"""

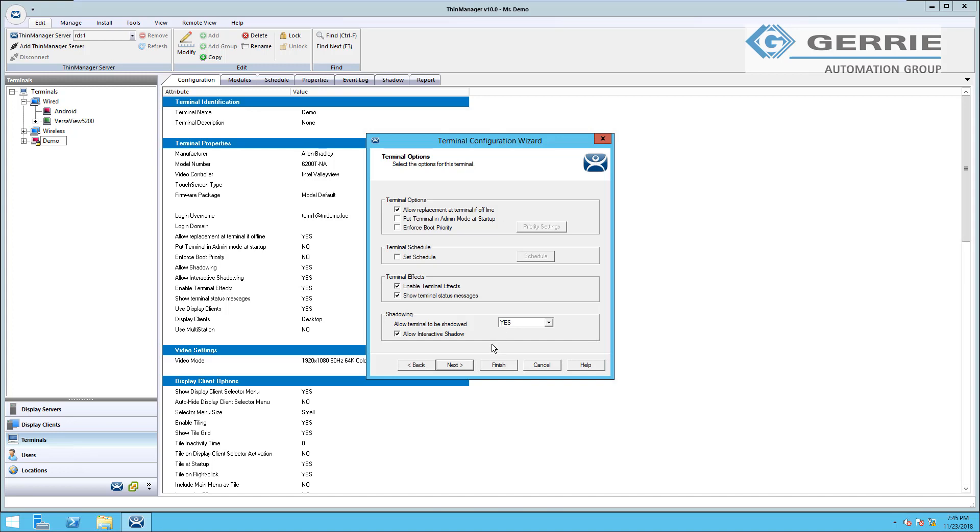If you look further down this page, you'll see the shadowing options. What's really great about the shadowing options is they're really customizable. I have the option of shadowing each of these terminals through the ThinManager software myself, or I also have the option of assigning the shadow of this terminal to a display on another client I've got on my system.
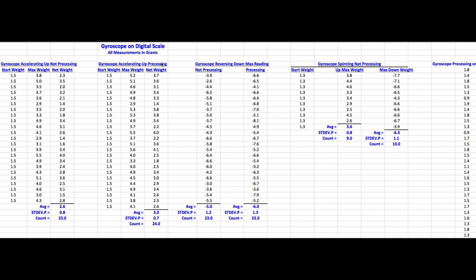For the accelerating up precessing, same thing. Average, standard deviation, and count one more here. The average here on the, with it not precessing, running up 2.6, with it precessing 3.0. Say this is bigger. But the standard deviation, there's enough variability here. You can't reliably say there's a real difference there. This was the reversing down, with it not precessing, with it precessing. Got a minus 5 here, and a minus 6 here. Standard deviation, 1.2 and 1.3. Again, there's not enough difference with the variability to reliably say anything about that.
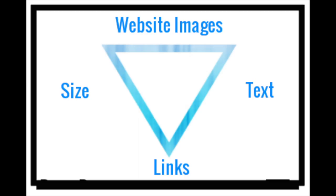When setting up your website for success, images play a huge role in not only the search engine optimization, but also the user experience. So the three things I want to go over today, first of all is the size.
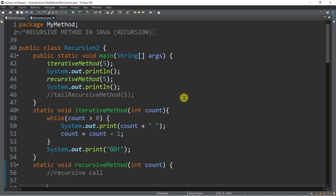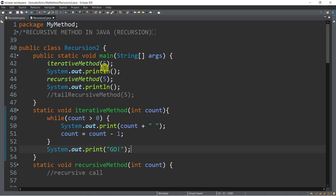What exactly is a recursive method? We can say that a method is recursive if that method calls itself. That process is called recursion. To better understand what I'm talking about, let me show you an example of an iterative method first.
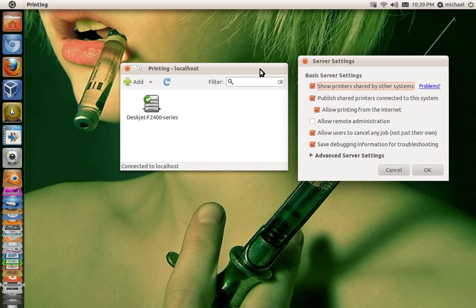Now I will say this: the computer that has the network printer shared has to be on in order for all the other computers to gain access to that printer. So if it's a computer that you don't use that much, do not use it as the main source for that network printer. Use a computer that is always on or most of the time on, or the one that you mostly use.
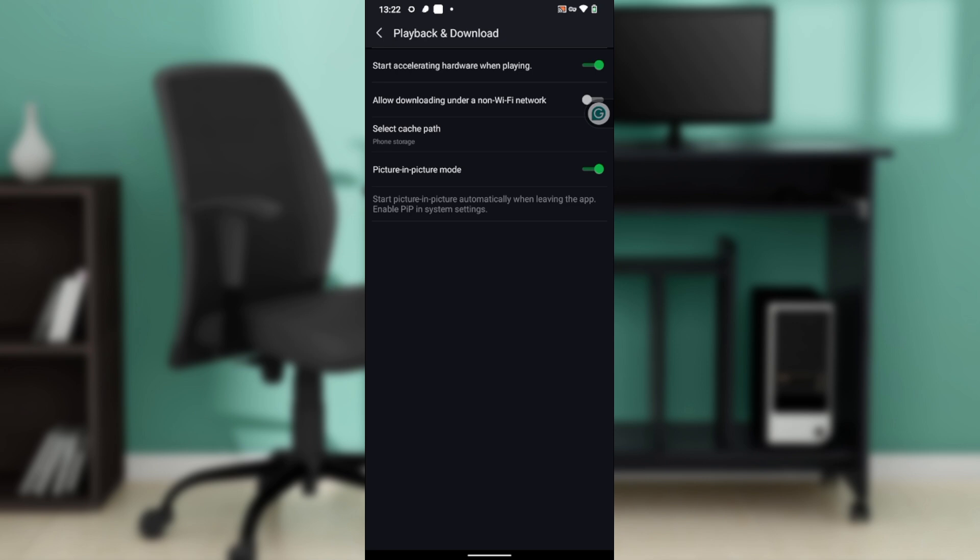It's Start Picture-in-Picture Automatically When Leaving the App. Enable PIP in System Settings, which of course we have done right here. So just toggle this on to change to green, and you have been able to enable the picture-in-picture mode on the iQiyi app.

"""

### Task goal
Each entry should be repeated exactly as it appears; the pictures stay out.

### Solution
If you look further down this page, you'll see the shadowing options. What's really great about the shadowing options is they're really customizable. I have the option of shadowing each of these terminals through the ThinManager software myself, or I also have the option of assigning the shadow of this terminal to a display on another client I've got on my system.
For the accelerating up precessing, same thing. Average, standard deviation, and count one more here. The average here on the, with it not precessing, running up 2.6, with it precessing 3.0. Say this is bigger. But the standard deviation, there's enough variability here. You can't reliably say there's a real difference there. This was the reversing down, with it not precessing, with it precessing. Got a minus 5 here, and a minus 6 here. Standard deviation, 1.2 and 1.3. Again, there's not enough difference with the variability to reliably say anything about that.
When setting up your website for success, images play a huge role in not only the search engine optimization, but also the user experience. So the three things I want to go over today, first of all is the size.
What exactly is a recursive method? We can say that a method is recursive if that method calls itself. That process is called recursion. To better understand what I'm talking about, let me show you an example of an iterative method first.
Now I will say this: the computer that has the network printer shared has to be on in order for all the other computers to gain access to that printer. So if it's a computer that you don't use that much, do not use it as the main source for that network printer. Use a computer that is always on or most of the time on, or the one that you mostly use.
It's Start Picture-in-Picture Automatically When Leaving the App. Enable PIP in System Settings, which of course we have done right here. So just toggle this on to change to green, and you have been able to enable the picture-in-picture mode on the iQiyi app.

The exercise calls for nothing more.